>>>>>

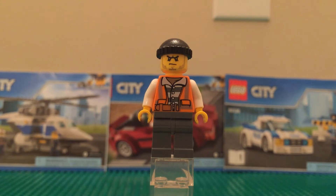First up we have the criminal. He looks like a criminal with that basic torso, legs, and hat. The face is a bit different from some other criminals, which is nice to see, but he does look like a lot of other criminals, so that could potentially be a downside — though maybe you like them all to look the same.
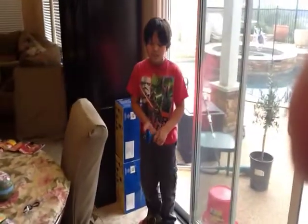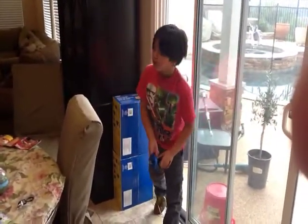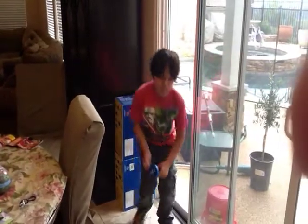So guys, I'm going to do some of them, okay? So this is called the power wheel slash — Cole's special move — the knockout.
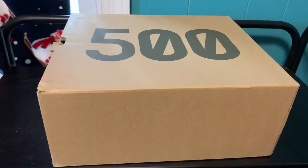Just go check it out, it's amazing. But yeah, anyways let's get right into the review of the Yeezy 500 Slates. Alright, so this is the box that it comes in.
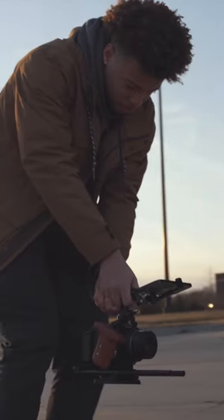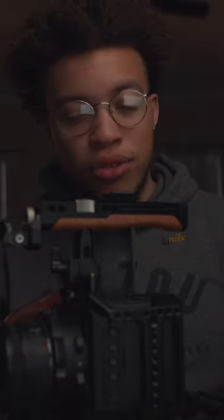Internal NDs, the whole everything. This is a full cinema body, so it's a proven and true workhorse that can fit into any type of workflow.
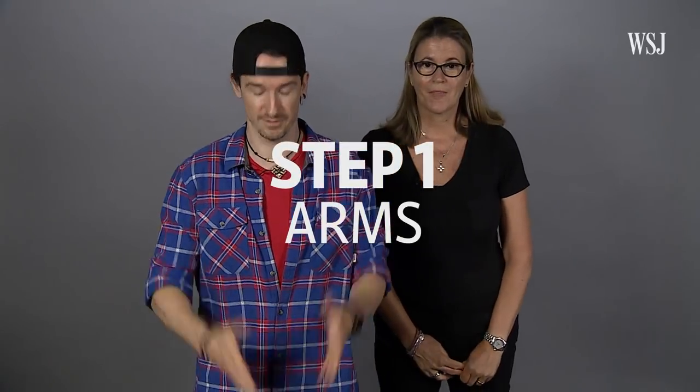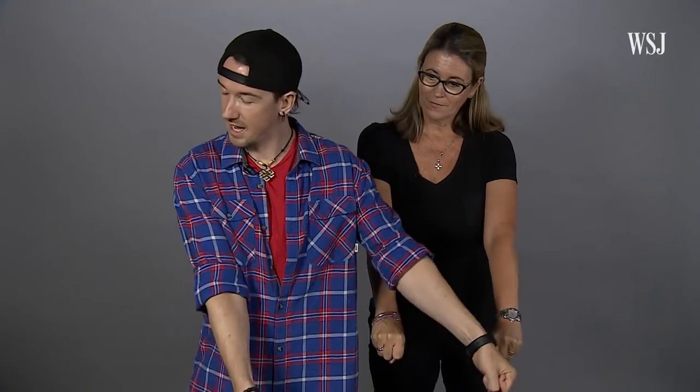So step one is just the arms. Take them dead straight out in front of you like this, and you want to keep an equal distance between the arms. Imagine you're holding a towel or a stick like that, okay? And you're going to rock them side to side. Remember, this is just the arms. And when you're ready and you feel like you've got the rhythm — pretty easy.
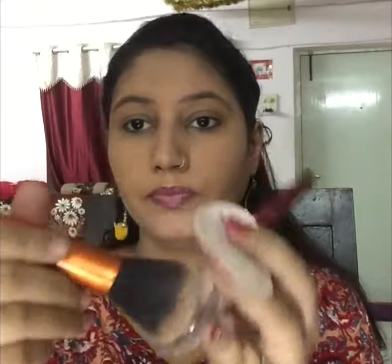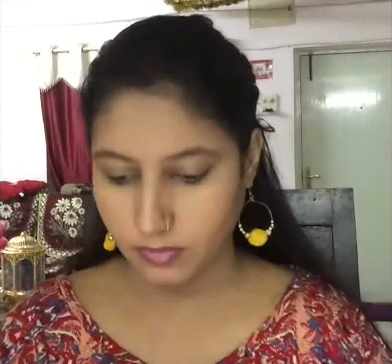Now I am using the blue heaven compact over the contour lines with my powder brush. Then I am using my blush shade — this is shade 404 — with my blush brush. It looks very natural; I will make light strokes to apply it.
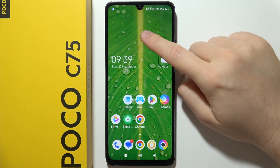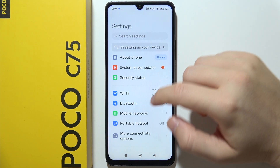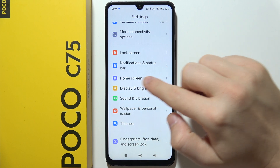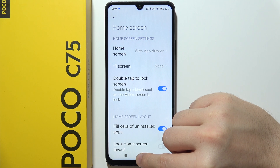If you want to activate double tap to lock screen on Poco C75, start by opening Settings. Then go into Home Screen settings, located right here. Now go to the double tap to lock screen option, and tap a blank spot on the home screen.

<<<<<
>>>>>

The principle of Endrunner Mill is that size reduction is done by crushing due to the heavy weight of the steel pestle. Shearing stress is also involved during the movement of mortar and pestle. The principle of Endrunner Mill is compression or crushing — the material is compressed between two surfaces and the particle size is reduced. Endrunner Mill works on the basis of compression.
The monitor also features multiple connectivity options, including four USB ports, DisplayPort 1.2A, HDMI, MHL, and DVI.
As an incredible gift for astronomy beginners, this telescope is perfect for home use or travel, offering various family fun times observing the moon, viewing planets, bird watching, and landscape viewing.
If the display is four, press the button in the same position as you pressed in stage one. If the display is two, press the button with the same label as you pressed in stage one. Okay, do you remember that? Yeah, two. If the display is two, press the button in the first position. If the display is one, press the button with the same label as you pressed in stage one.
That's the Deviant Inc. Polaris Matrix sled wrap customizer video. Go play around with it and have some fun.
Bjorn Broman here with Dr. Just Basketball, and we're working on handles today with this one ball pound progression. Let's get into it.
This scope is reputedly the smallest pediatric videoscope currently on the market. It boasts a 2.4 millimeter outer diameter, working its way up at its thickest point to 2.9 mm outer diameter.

<<<<<
>>>>>

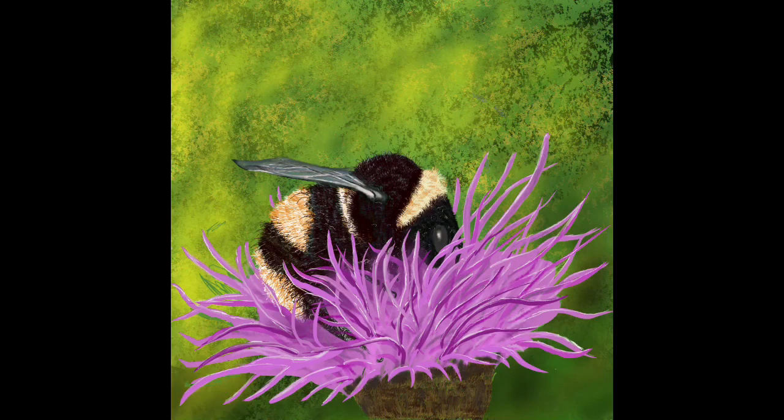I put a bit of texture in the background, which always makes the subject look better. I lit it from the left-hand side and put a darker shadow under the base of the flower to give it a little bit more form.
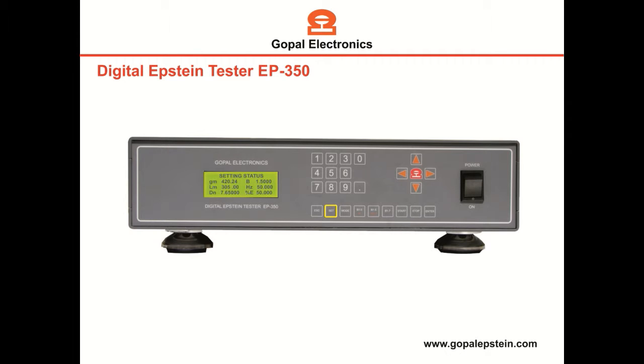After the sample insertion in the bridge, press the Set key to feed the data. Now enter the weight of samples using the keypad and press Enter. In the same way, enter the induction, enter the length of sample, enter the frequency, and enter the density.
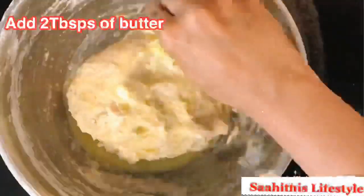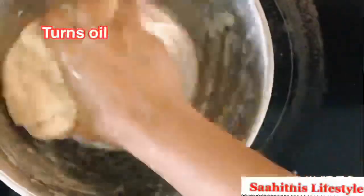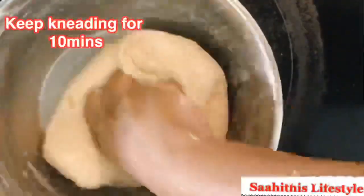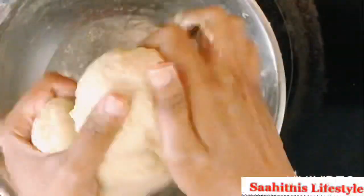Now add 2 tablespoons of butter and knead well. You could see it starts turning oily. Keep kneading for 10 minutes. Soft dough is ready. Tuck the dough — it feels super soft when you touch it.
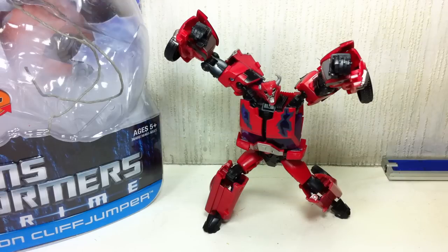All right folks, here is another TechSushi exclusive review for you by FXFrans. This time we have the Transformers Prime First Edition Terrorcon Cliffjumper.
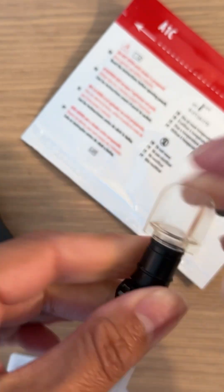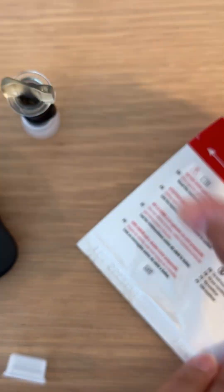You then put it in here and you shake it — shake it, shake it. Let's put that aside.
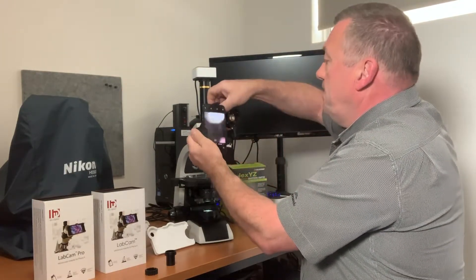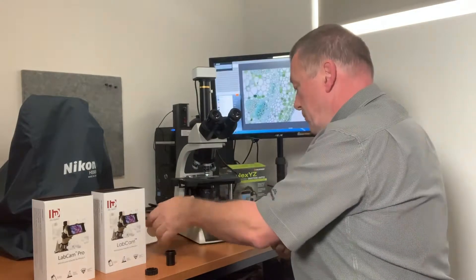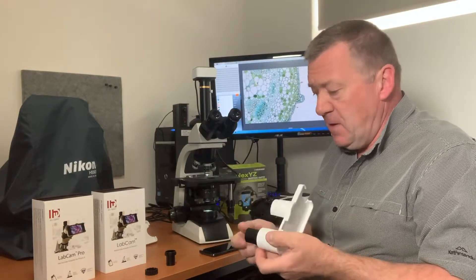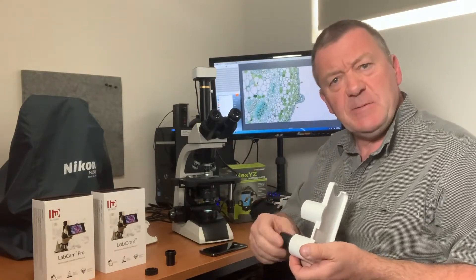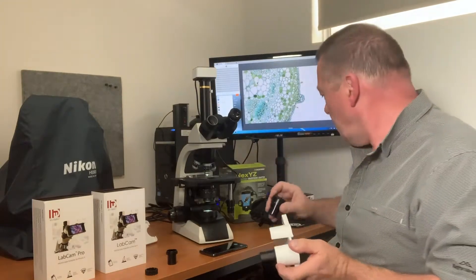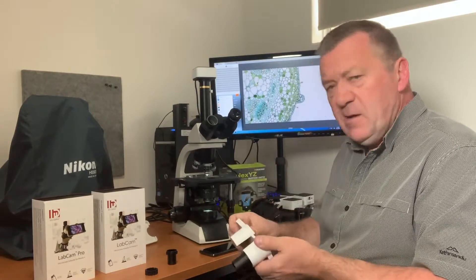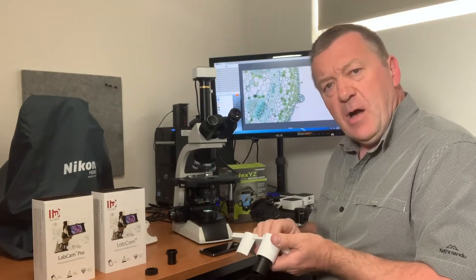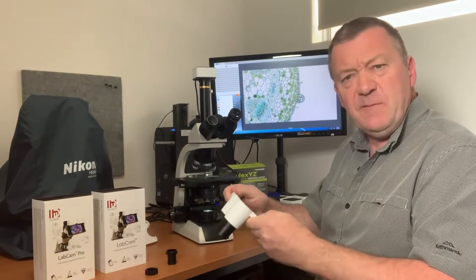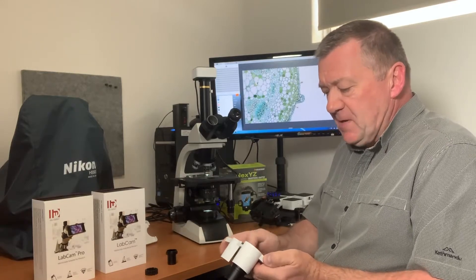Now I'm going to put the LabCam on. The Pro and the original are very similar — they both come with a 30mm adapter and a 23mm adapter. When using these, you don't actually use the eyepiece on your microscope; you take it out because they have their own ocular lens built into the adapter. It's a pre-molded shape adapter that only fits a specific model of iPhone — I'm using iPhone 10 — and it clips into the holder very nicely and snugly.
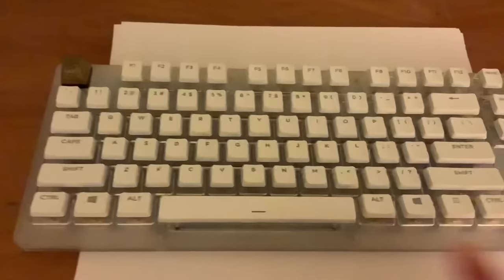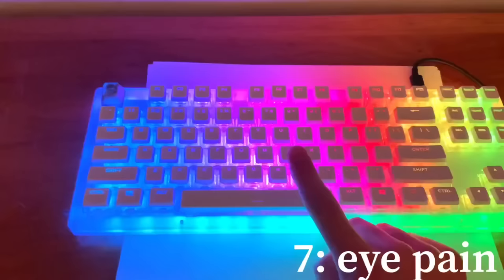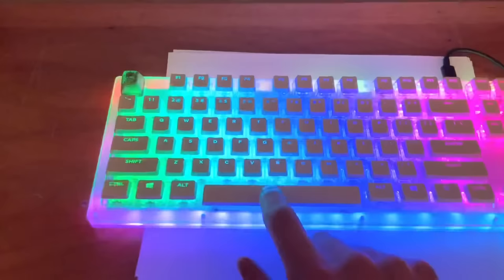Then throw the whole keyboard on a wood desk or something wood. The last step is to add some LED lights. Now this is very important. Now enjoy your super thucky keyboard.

<<<<<

● **WORK TASK**
Give exactly the lines above that run from the line with "First up we" to the line with "Internal NDs, the", both included, leaving every picture out.

● **REPLY**
First up we have the criminal. He looks like a criminal with that basic torso, legs, and hat. The face is a bit different from some other criminals, which is nice to see, but he does look like a lot of other criminals, so that could potentially be a downside — though maybe you like them all to look the same.
So guys, I'm going to do some of them, okay? So this is called the power wheel slash — Cole's special move — the knockout.
Just go check it out, it's amazing. But yeah, anyways let's get right into the review of the Yeezy 500 Slates. Alright, so this is the box that it comes in.
Internal NDs, the whole everything. This is a full cinema body, so it's a proven and true workhorse that can fit into any type of workflow.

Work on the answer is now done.